Double-click on the vx2fix.reg file on your desktop (or locate it with Windows Explorer and double click on it if not saved to the Desktop) and when it prompts to merge, click YES!


NOW:
Scan with HijackThis and Check the Boxes for the following:

Make sure All Browser Windows are Closed when you Click FIX.

R0 - HKLM\Software\Microsoft\Internet Explorer\Main,Start Page = http://hsremove.com/done.htm

O9 - Extra button: Messenger - {FB5F1910-F110-11d2-BB9E-00C04F795683} - E:\Program Files\Messenger\msmsgs.exe (file missing)
O9 - Extra 'Tools' menuitem: Windows Messenger - {FB5F1910-F110-11d2-BB9E-00C04F795683} - E:\Program Files\Messenger\msmsgs.exe (file missing)

Again, make sure All Browser Windows are Closed when you Click FIX.

NEXT:
Run CCleaner


Then, as an added precaution, Go to Start > Run and type: cleanmgr and then click OK. Make sure the boxes for these are checked:
Temporary Files
Temporary Internet Files
Recycle Bin

And Click OK.

Reboot!

Scan with HijackThis and attach the new log.

Unzip the Generic Detection Tool to a safe folder of your choice and run "find.bat" - Allow it as much time as it needs to run. You may get an error message of "File Not Found," but just let it go.

The tool should generate a long text file. Attach this log as an attachment to your next post.
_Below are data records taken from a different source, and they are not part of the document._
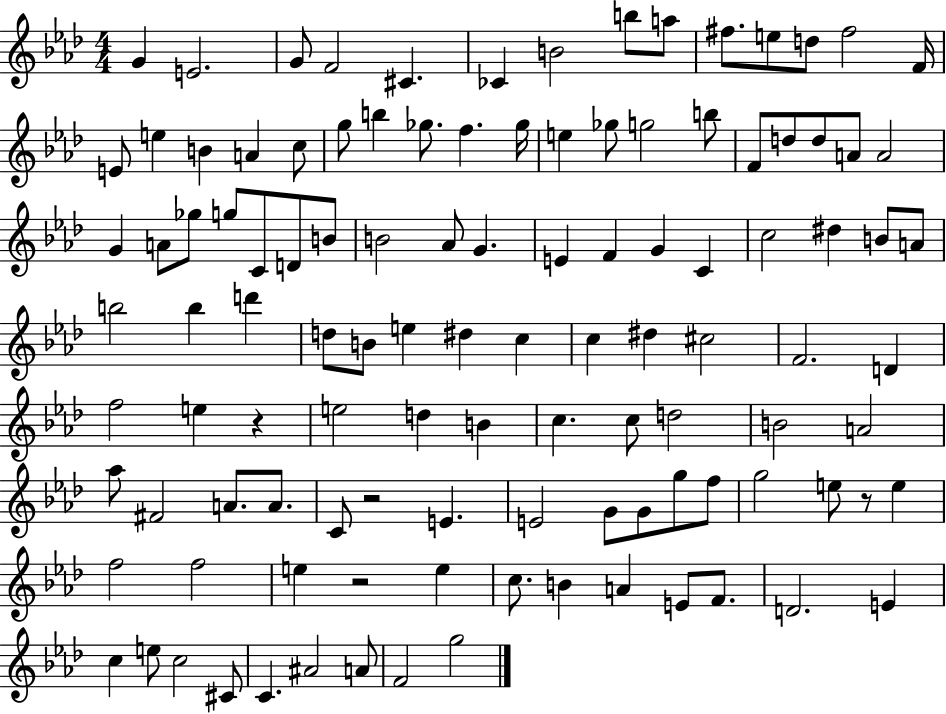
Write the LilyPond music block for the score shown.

{
  \clef treble
  \numericTimeSignature
  \time 4/4
  \key aes \major
  g'4 e'2. | g'8 f'2 cis'4. | ces'4 b'2 b''8 a''8 | fis''8. e''8 d''8 fis''2 f'16 | \break e'8 e''4 b'4 a'4 c''8 | g''8 b''4 ges''8. f''4. ges''16 | e''4 ges''8 g''2 b''8 | f'8 d''8 d''8 a'8 a'2 | \break g'4 a'8 ges''8 g''8 c'8 d'8 b'8 | b'2 aes'8 g'4. | e'4 f'4 g'4 c'4 | c''2 dis''4 b'8 a'8 | \break b''2 b''4 d'''4 | d''8 b'8 e''4 dis''4 c''4 | c''4 dis''4 cis''2 | f'2. d'4 | \break f''2 e''4 r4 | e''2 d''4 b'4 | c''4. c''8 d''2 | b'2 a'2 | \break aes''8 fis'2 a'8. a'8. | c'8 r2 e'4. | e'2 g'8 g'8 g''8 f''8 | g''2 e''8 r8 e''4 | \break f''2 f''2 | e''4 r2 e''4 | c''8. b'4 a'4 e'8 f'8. | d'2. e'4 | \break c''4 e''8 c''2 cis'8 | c'4. ais'2 a'8 | f'2 g''2 | \bar "|."
} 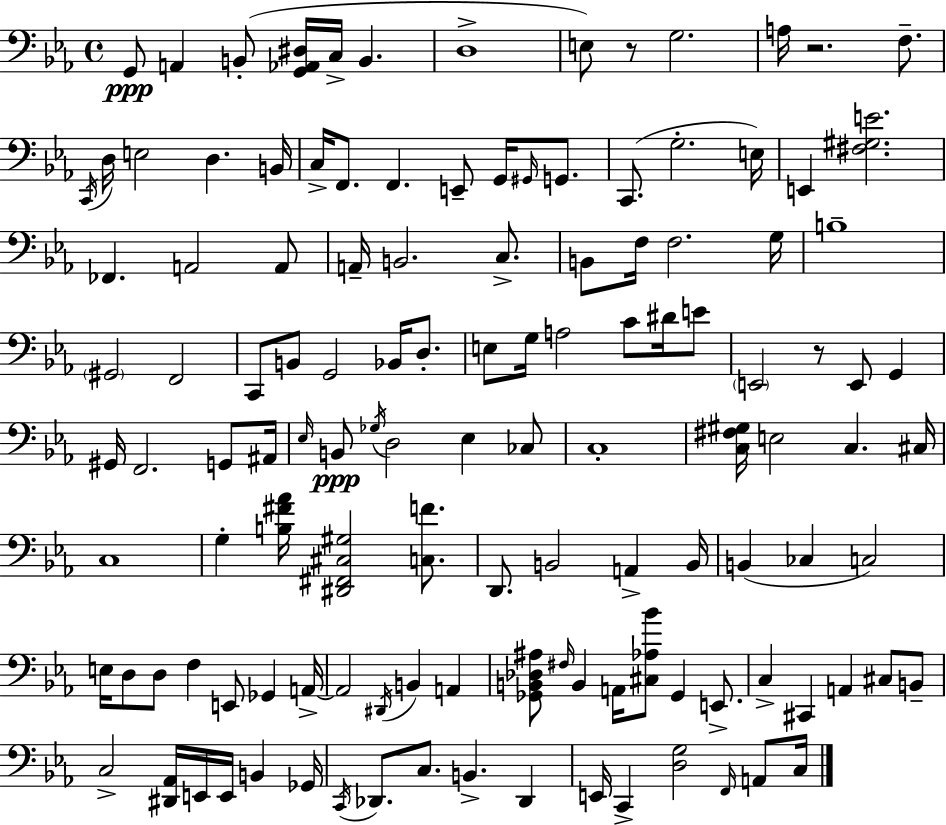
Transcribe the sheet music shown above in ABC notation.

X:1
T:Untitled
M:4/4
L:1/4
K:Eb
G,,/2 A,, B,,/2 [G,,_A,,^D,]/4 C,/4 B,, D,4 E,/2 z/2 G,2 A,/4 z2 F,/2 C,,/4 D,/4 E,2 D, B,,/4 C,/4 F,,/2 F,, E,,/2 G,,/4 ^G,,/4 G,,/2 C,,/2 G,2 E,/4 E,, [^F,^G,E]2 _F,, A,,2 A,,/2 A,,/4 B,,2 C,/2 B,,/2 F,/4 F,2 G,/4 B,4 ^G,,2 F,,2 C,,/2 B,,/2 G,,2 _B,,/4 D,/2 E,/2 G,/4 A,2 C/2 ^D/4 E/2 E,,2 z/2 E,,/2 G,, ^G,,/4 F,,2 G,,/2 ^A,,/4 _E,/4 B,,/2 _G,/4 D,2 _E, _C,/2 C,4 [C,^F,^G,]/4 E,2 C, ^C,/4 C,4 G, [B,^F_A]/4 [^D,,^F,,^C,^G,]2 [C,F]/2 D,,/2 B,,2 A,, B,,/4 B,, _C, C,2 E,/4 D,/2 D,/2 F, E,,/2 _G,, A,,/4 A,,2 ^D,,/4 B,, A,, [_G,,B,,_D,^A,]/2 ^F,/4 B,, A,,/4 [^C,_A,_B]/2 _G,, E,,/2 C, ^C,, A,, ^C,/2 B,,/2 C,2 [^D,,_A,,]/4 E,,/4 E,,/4 B,, _G,,/4 C,,/4 _D,,/2 C,/2 B,, _D,, E,,/4 C,, [D,G,]2 F,,/4 A,,/2 C,/4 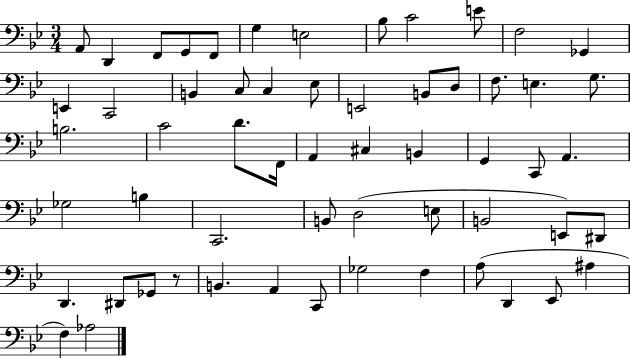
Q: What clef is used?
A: bass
Let me know of any problems you may have encountered with the above instructions and also let me know how things are running now.

Good Luck!

 

ok the instructions you gave me were fine and went fine. my system does seem to be runnin a little better. also when i rebooted i didnt see ms antispyware come on and say that the vx2.narrator is trying to install. that may be a good sign. i appreciate the help and so far so good. i thought this would be harder or maybe it gets harder, well see. the 2 files requested are attached. once again thanks alot. faztn

 

Locate Pocket Killbox

Copy and Paste E:\WINDOWS\System32\zllictbl.dat into the box – If it exists, it will show up in Blue. Check the option to Delete on Reboot and Click the Red X and Yes to the confirmation message. A message will ask if you want to reboot now – Click NO .

NOW:
Open VX2Finder and Click on the "Find Vx2.BetterInternet" button.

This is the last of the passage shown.